SYSTEMS AND METHODS FOR DETECTING A DIMM SEATING ERROR

Info

Publication number: 20150143186
Type: Application
Filed: Jul 27, 2012
Publication Date: May 21, 2015
Applicant: HEWLETT-PACKARD DEVELOPEMENT COMPANY (Houston, TX)
Inventor: Melvin K. Benedict (Magnolia, TX)
Application Number: 14/395,951

Abstract

DIMM seating errors may be detected. An example detection method includes determining whether a training error has occurred for a number of dynamic random access memories (DRAMs) of a DIMM. The Example method includes identifying a location for each of the DRAMs. The example method includes determining whether a seating error has occurred based on the training error, the number, and the location of the DRAMs.

Description

Description

BACKGROUND

In many computing devices, such as personal computers (PCs), random access memory (RAM) takes the form of dual inline memory modules (DIMMs). DIMMs interface with a bus or interconnect via slots configured to seat individual DIMMs. A DIMM is properly seated when making good contact in the DIMM slot. A DIMM that does not make good contact degrades the performance of the PC. Whereas DIMMs are typically installed to improve the speed of computer processing, a poorly seated DIMM has the opposite effect. Further, PCs with poorly seated DIMMs do not take advantage of all the memory in the DIMM, and cause the PC to report numerous errors. Additionally, a poorly-seated DIMM that makes intermittent contact could generate serious errors, uncorrectable errors.

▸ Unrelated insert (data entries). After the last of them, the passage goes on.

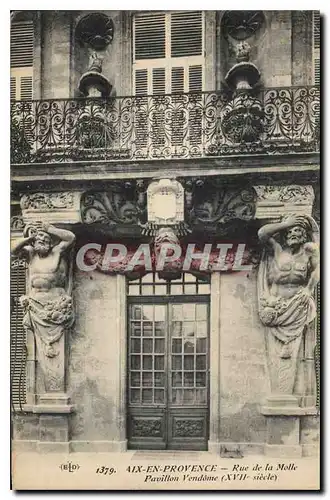 Cartes postales Aix en Provence rue de la Molle Pavillon Vendome XVII siecle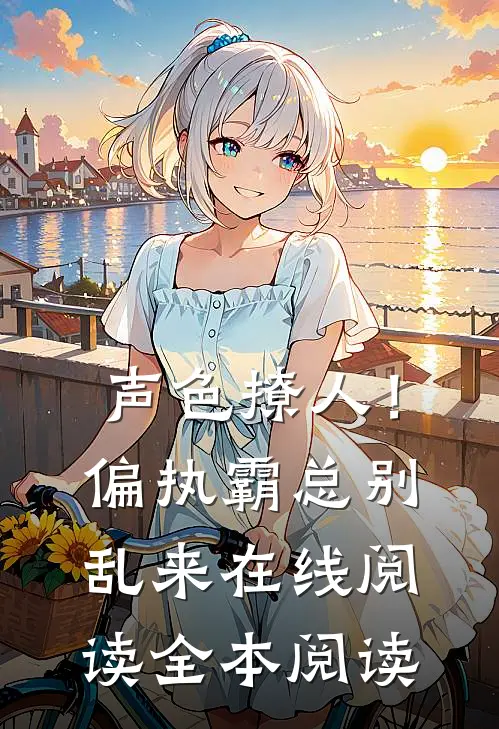 声色撩人！偏执霸总别乱来在线阅读全本阅读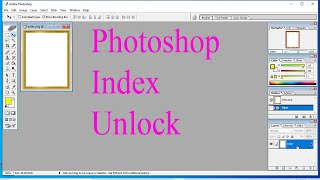 Photoshop Index Layer Unlock Photoshop Index Problem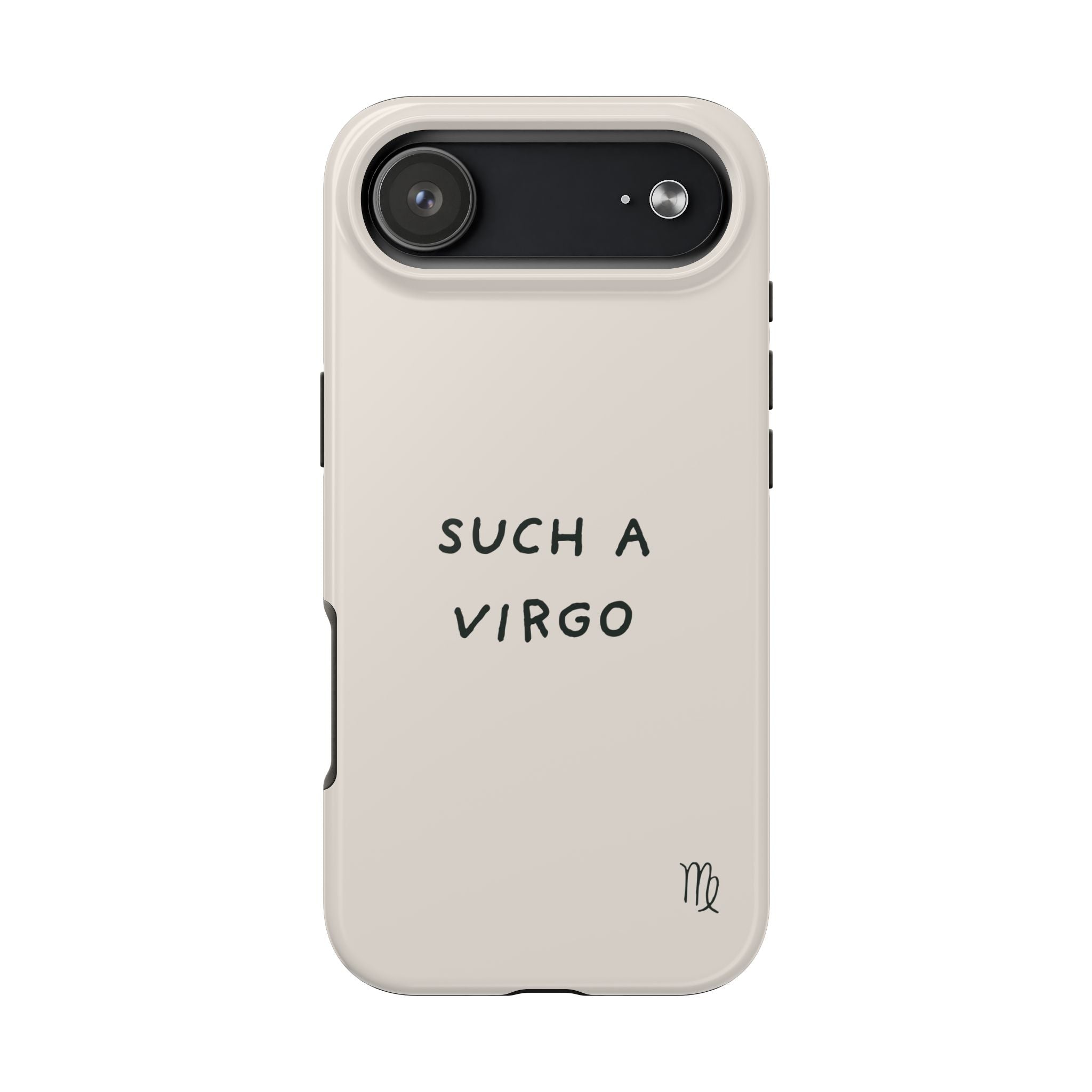 “Such a Virgo” Tough Phone Case — Beige / Forrest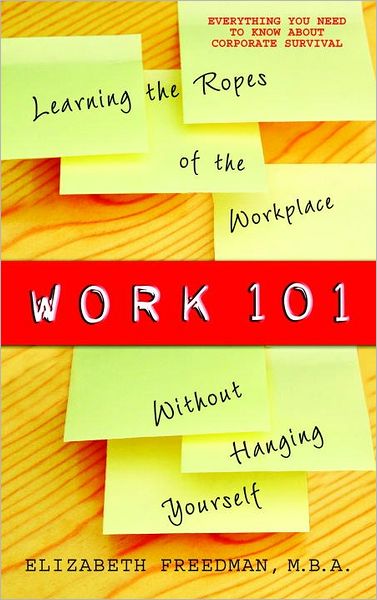 Work 101: Learning the Ropes of the Workplace Without Hanging Yourself
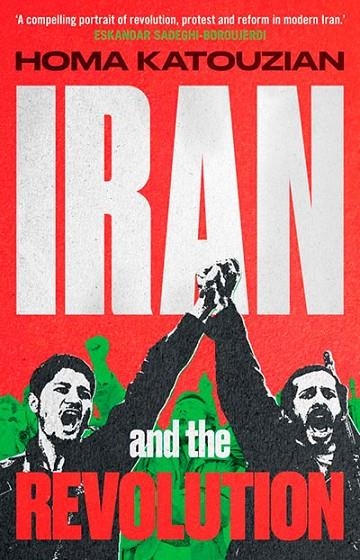 IRAN AND THE REVOLUTION | 9780300282887 | HOMA KATOUZIAN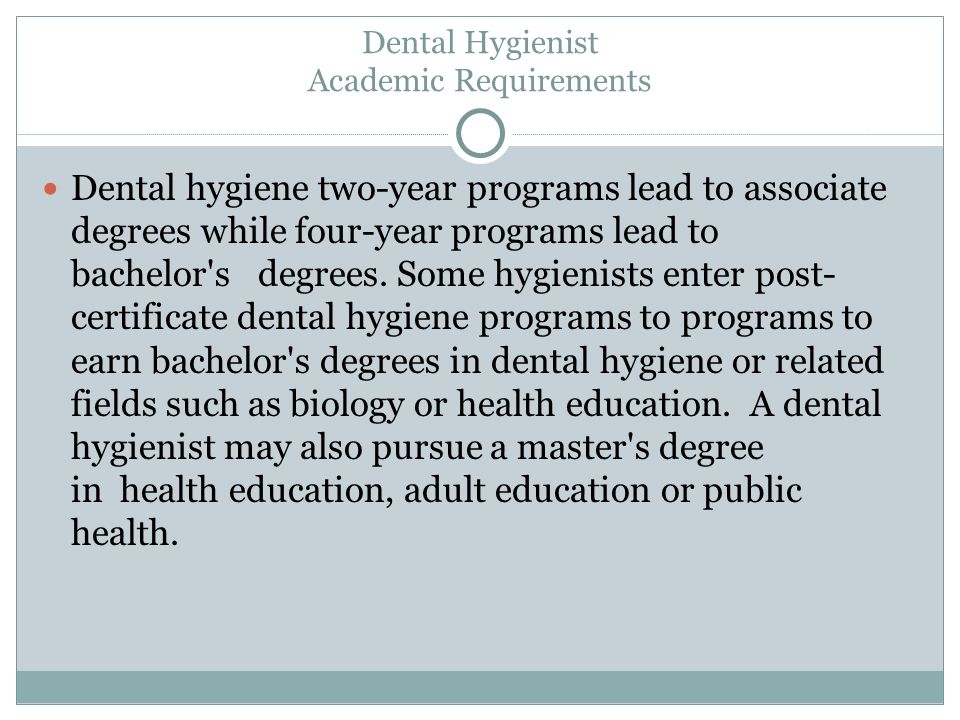 Dental Hygienist Academic Requirements
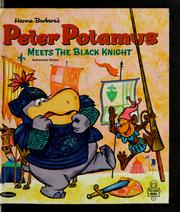 Cover of: Hanna-Barbera's Peter Potamus meets the Black Knight by Jay Freeman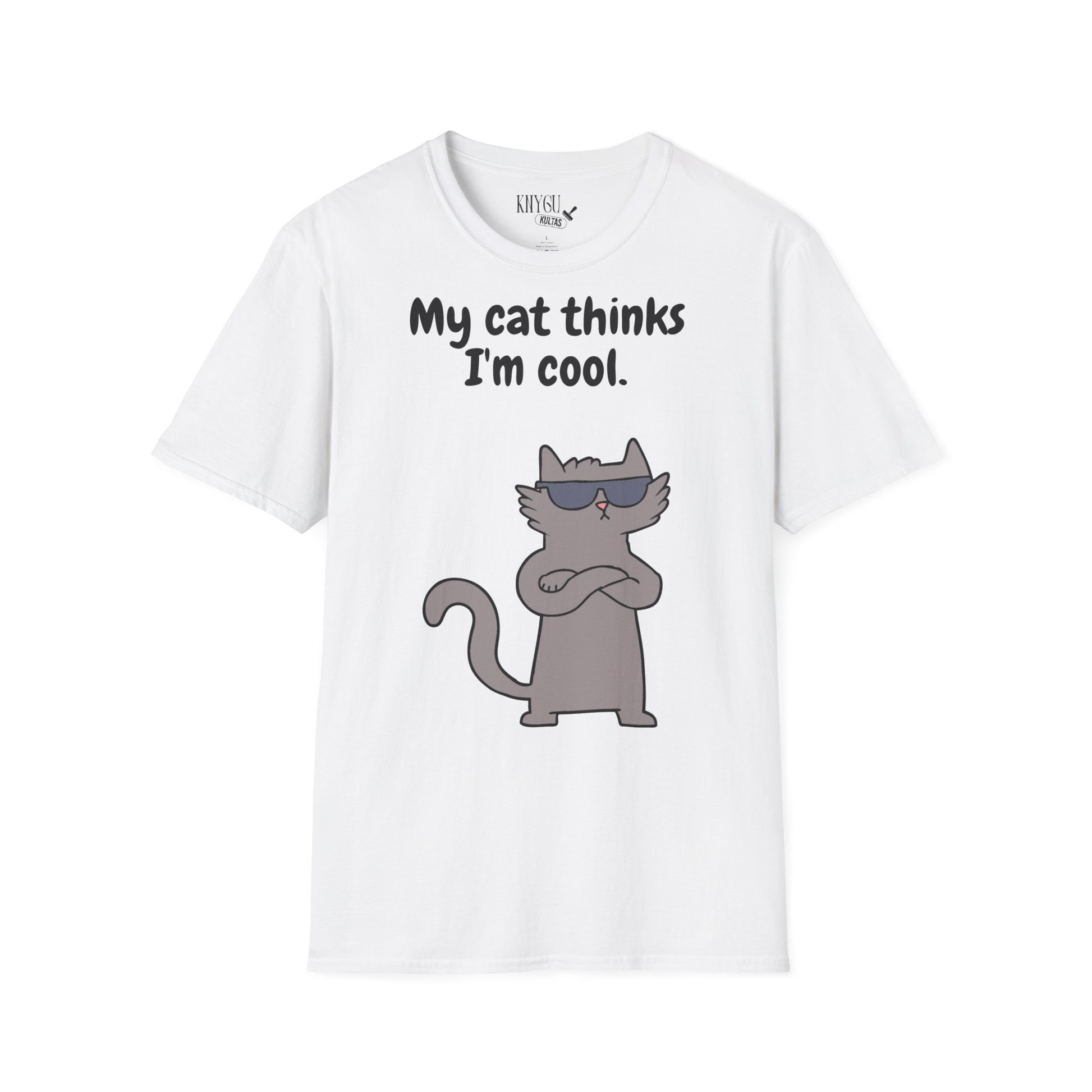 „My Cat Thinks I’m Cool.“ unisex marškinėliai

BRIEF DESCRIPTION OF THE DRAWINGS

Certain examples are described in the following detailed description and in reference to the drawings, in which:

FIG. 1 is a block diagram of an example system that be used to detect a dual in-line memory module (DIMM) seating error;

FIG. 2 is a perspective view of a memory bank with several DIMMs, in accordance with examples;

FIG. 3 is a process flow chart of an example method to detect a DIMM seating error; and

FIG. 4 is a block diagram showing an example tangible, non-transitory, machine-readable medium that stores code adapted to detect DIMM seating errors.

DETAILED DESCRIPTION

Because of the impact on the proper processing of computing devices, companies that manufacture personal computers (PCs) and other such devices try to detect and re-seat poorly-seated dual in-line memory modules (DIMMs) before shipping to customers and retailers. However, detection methods are prone to errors, resulting in an unnecessary and costly step, e.g., algorithmically re-seating a properly seated DIMM. Further, manufacturing groups estimate a rate of 2,000-5,000 detects per million with first-time insertion failures. These metrics include installed computing platforms, e.g., servers and PCs. This represents a significant manufacturing cost to identify the failing DIMMs and reseat or replace them. Typically, staged connectors and additional hardware on the DIMM and platform are used to detect poorly seated components. However, an example system detects DIMM seating errors using the basic input output system (BIOS) of the computing device.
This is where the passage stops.